QuantCoderFS – Implementation Evaluation and First Public Release

Version 1.1 · Release 9 May 2025 · Includes evaluation of QuantCoderFS on the low volatility anomaly as a foundational strategy test

May 08, 2025

QuantCoderFS - Algorithm generation from the article ‘Benchmarks as limit to arbitrage (Baker and al. 2010(

Overview

This release note presents a focused benchmark of the QuantCoderFS software—an agent-based system designed to extract and implement trading strategies from research papers—against a well-documented empirical anomaly: the long-term outperformance of low volatility equity portfolios.

The primary goal is to evaluate the intrinsic added value of QuantCoderFS relative to direct prompt engineering, using a single academic source across multiple large language model configurations. The results serve as a reference point for future code releases and as technical guidance for users interested in automated alpha replication.

Methodology

The experiment consists of a single research article input:

Baker, Bradley, and Wurgler (2010), Benchmarks as Limits to Arbitrage: Understanding the Low Volatility Anomaly

QuantCoderFS was tasked with parsing the PDF, interpreting the strategy, and generating production-ready code for QuantConnect’s Lean engine. The system was evaluated across three OpenAI model configurations:

GPT-3.5 (via API)
GPT-4o (via API)
GPT-4.1 (gpt-4-0125-preview, API)

Each model was used to generate code within the same structured agentic flow, and the resulting output was tested for correctness, compilation, and backtest viability.

Summary of Results

Only GPT-4.1 produced a working implementation consistent with the source paper. It accurately captured the key design elements:

Filtering by liquidity and price
Computing 252-day volatility
Selecting the lowest volatility quintile
Monthly rebalancing
Benchmarking and volatility tracking versus SPY

Model Behavior Analysis

GPT-3.5

This version generated only placeholder methods and high-level comments. It lacked any usable implementation logic. While syntactically valid, the output failed to capture both strategy structure and trading behavior.

GPT-4o (First Attempt)

The initial GPT-4o output produced a generic equal-weight portfolio with no volatility logic. It demonstrated knowledge of QuantConnect's framework but did not extract the core alpha signal from the paper.

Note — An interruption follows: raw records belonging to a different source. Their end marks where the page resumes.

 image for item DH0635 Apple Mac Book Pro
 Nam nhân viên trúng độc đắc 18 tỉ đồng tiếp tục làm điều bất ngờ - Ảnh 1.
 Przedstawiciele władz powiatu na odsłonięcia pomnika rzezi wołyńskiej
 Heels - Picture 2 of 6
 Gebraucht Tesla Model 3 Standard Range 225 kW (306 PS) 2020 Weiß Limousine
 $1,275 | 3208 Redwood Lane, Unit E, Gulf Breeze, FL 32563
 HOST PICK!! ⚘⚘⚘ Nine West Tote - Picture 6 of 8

The result resembled a template more than a strategy.

GPT-4o (Second Attempt)

The second attempt included logic to compute volatility but did so incorrectly, using self.History() inside the CoarseSelectionFunction, which is not permitted by QuantConnect. Despite this, the design intent was closer to the paper than in previous versions.

GPT-4.1 (Two Attempts)

Both versions generated by GPT-4.1 successfully implemented the core mechanics of the low volatility anomaly strategy. Each version computed volatility using log returns, maintained internal state correctly, applied scheduled monthly rebalancing, and incorporated benchmarking against SPY. Crucially, both algorithms compiled without error and executed backtests on QuantConnect without requiring manual intervention.

**Backtest executed in the backend console.**

Note: the LEAN engine is used primarily as a compilation and runtime check. Full backtests are subsequently replicated on the QuantConnect platform for performance evaluation and visualization.

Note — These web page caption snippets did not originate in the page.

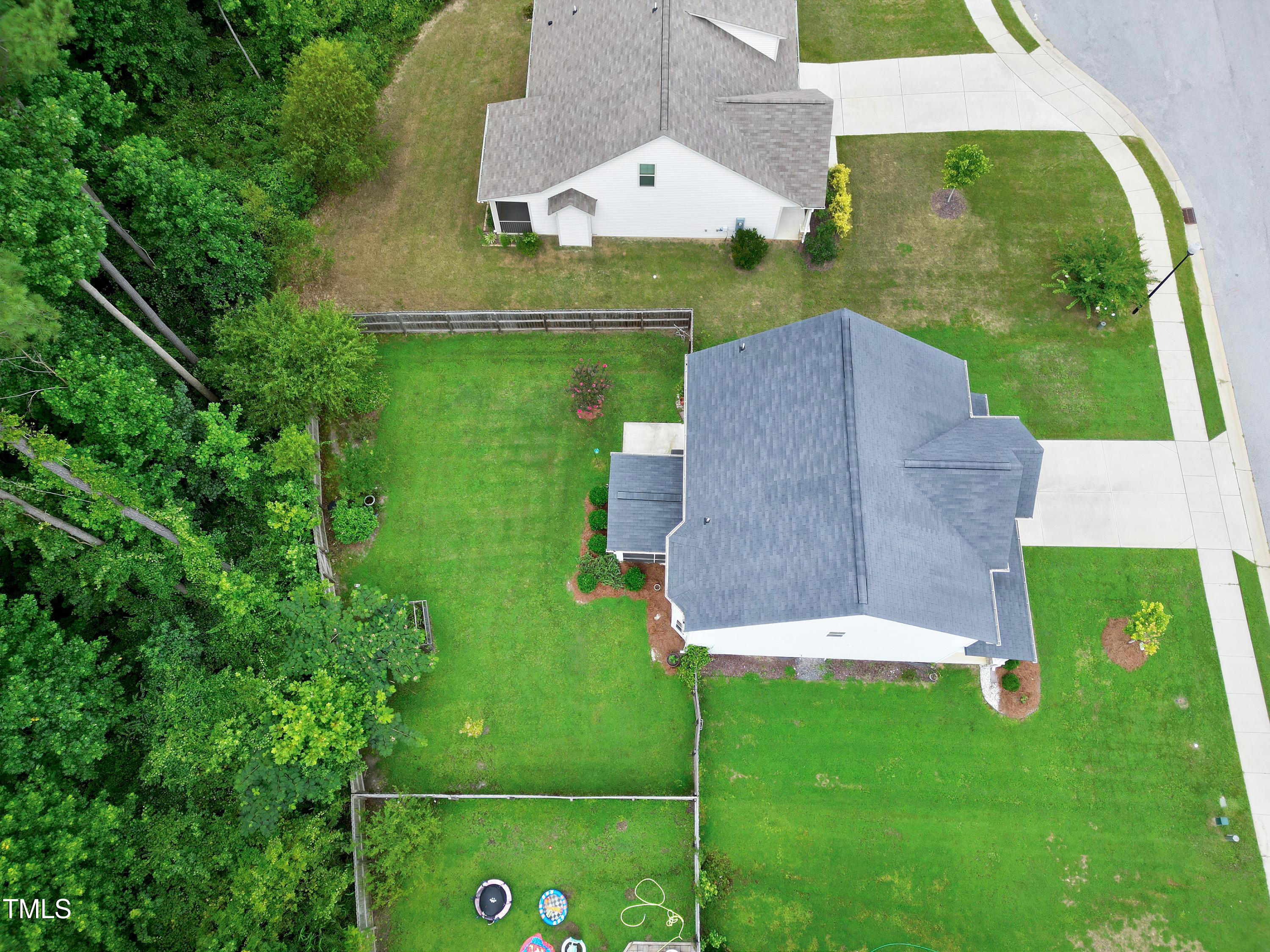 property viewer photo 54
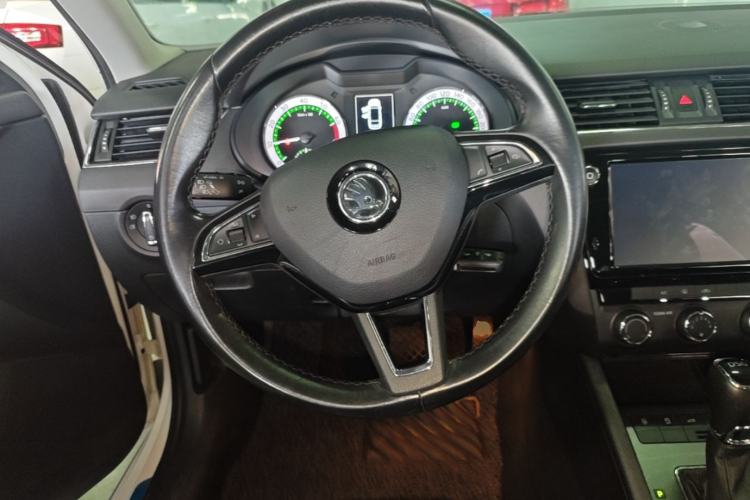 Used Skoda Octavia 2018 Station Wagon TSI280 DSG Luxury Edition Steering Wheel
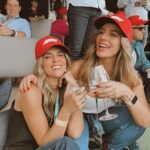 Manuela González Instagram - Cómo dirían por ahí, ME ERICÉ. QUE CHIMBA DE EXPERIENCIA LA F1!!!!! 🏁💥 Difícil explicar la energía de este magno evento y aún más increíble compartirlo con gente tan hermosa. Gracias @chevignon_ch por esta invitación y por este parche que y’a me llevo en el corazón.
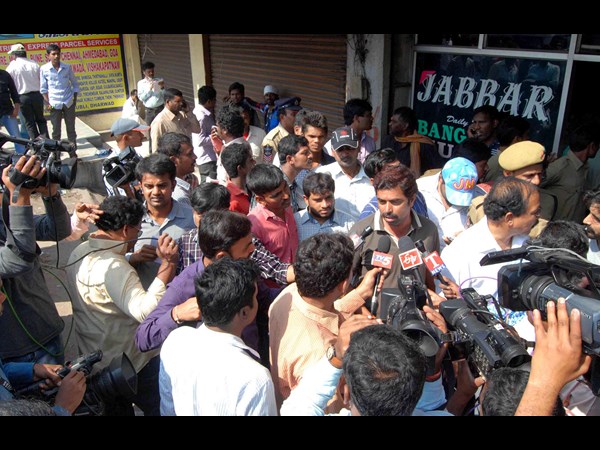 బంధువుల్లో ఆందోళన..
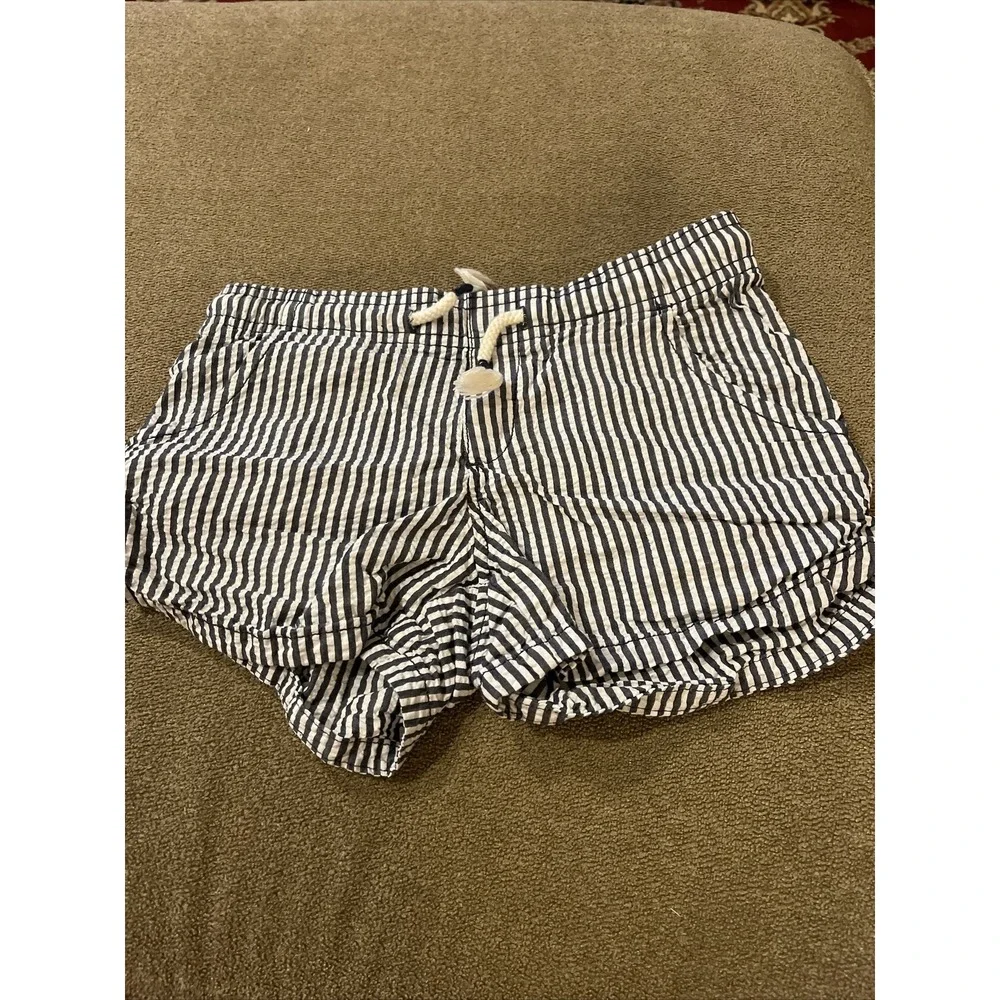 Old Navy Girls Grey White Pinstripe Cotton Shorts Size Medium 8 (AH)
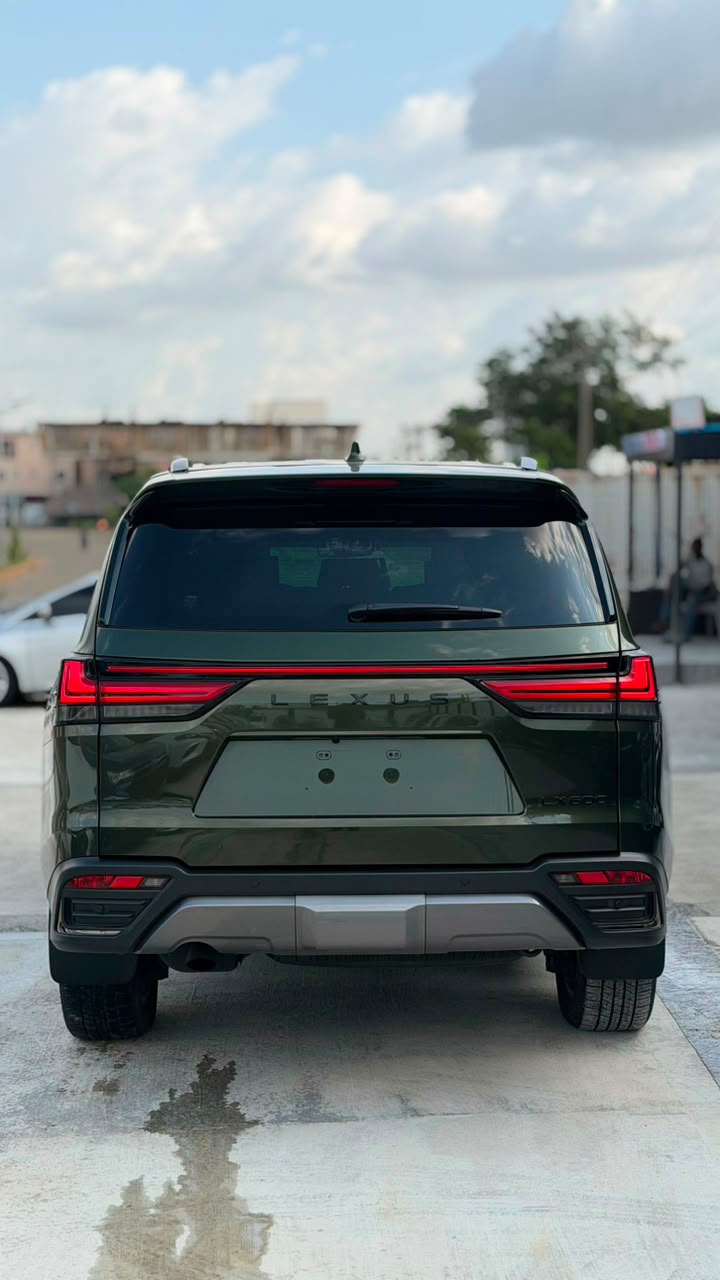 
								BRAND NEW 2025 LEXUS LX600 ARMOURED BULLETPROOF 🎯  WITH INKAS EUC AND DUTY. 📃  PRICE: 520M   ABUJA DEAL 📍  NATIONWIDE DELIVERY full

Algorithm generated by GPT-4.1 (first attempt).

Code and backtest results are available here.

Of the two, the second implementation stands out for its cleaner structure and higher maintainability. It demonstrates a clearer separation of responsibilities across methods, encapsulates volatility calculations within the rebalance logic, and manages universe changes more robustly. These attributes align more closely with QuantConnect development best practices, making the second version the stronger candidate for production use and public code release.

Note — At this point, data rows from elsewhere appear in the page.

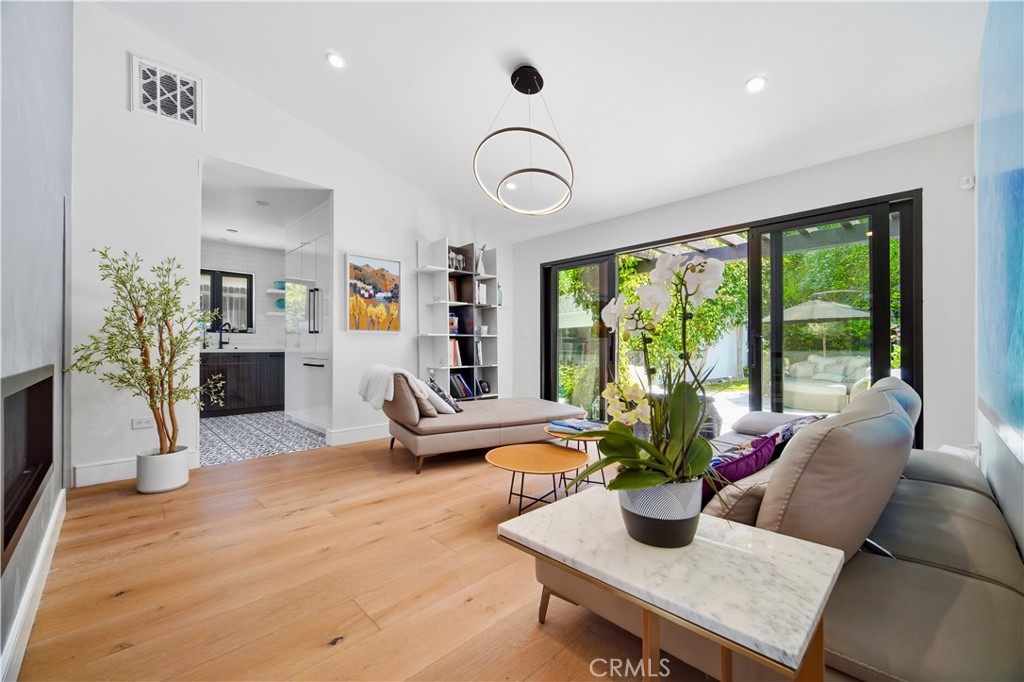 13646 Valley Vista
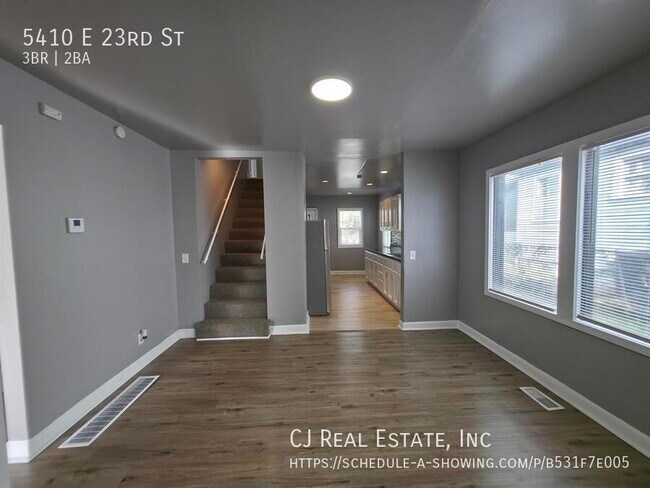 Foto del edificio - 5410 E 23rd St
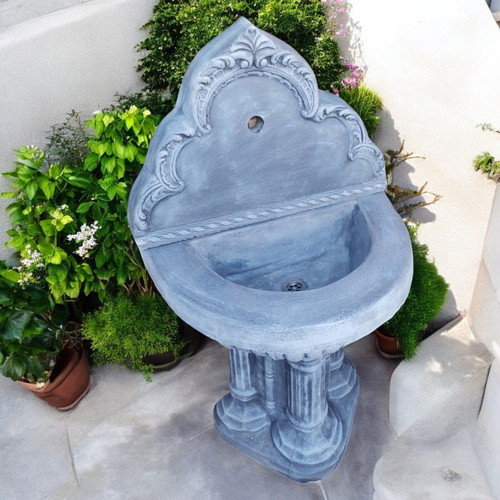 Concrete outdoor wall fountain Hana in gray and white, new
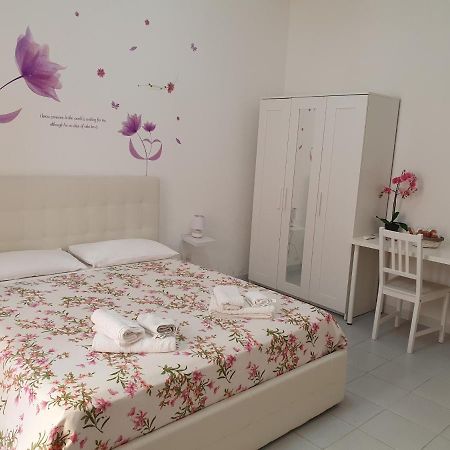 Le Tre Orchidee Bed & Breakfast Салерно Екстериор снимка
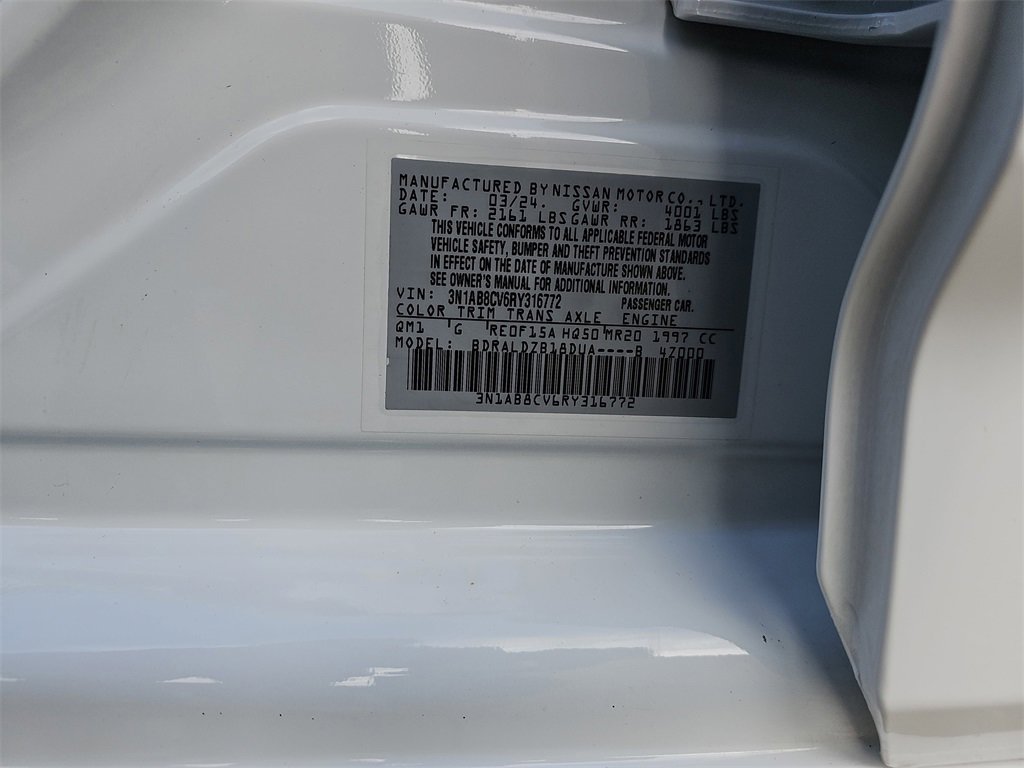 Used 2024 Nissan Sentra SV image 32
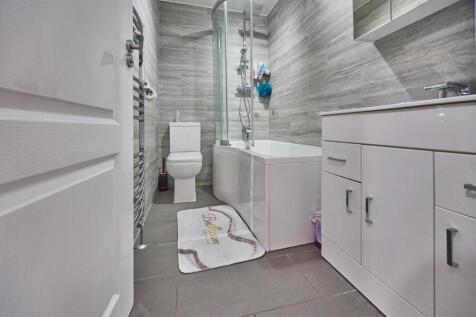 REFITTED BATHROOM TO SIDE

Algorithm generated by GPT-4.1 (second attempt)

Code and backtest results are available here.

On the Value of Prompting vs. Agentic Design

A natural question arises: could the same implementation quality be achieved by prompting GPT-4.1 directly with a well-structured description of the paper?

The answer is conditionally yes. If the relevant portions of the paper are pre-extracted and the model is given a clear, structured prompt emphasizing:

Universe selection
Signal construction
Rebalancing
Portfolio weights
Risk constraints

Then GPT-4.1 is fully capable of producing equivalent code in a single-shot API call.

However, this presumes that the user has already:

Extracted and structured the relevant data
Removed theoretical or behavioral finance content
Identified the strategy implementation scope

The QuantCoderFS architecture adds intrinsic value by automating these steps: parsing, summarization, validation, and modular code generation. This is particularly important when scaling to:

Long and complex documents
Multiple strategy sections
Noisy or unstructured formats

In such cases, prompt engineering alone becomes brittle and unscalable.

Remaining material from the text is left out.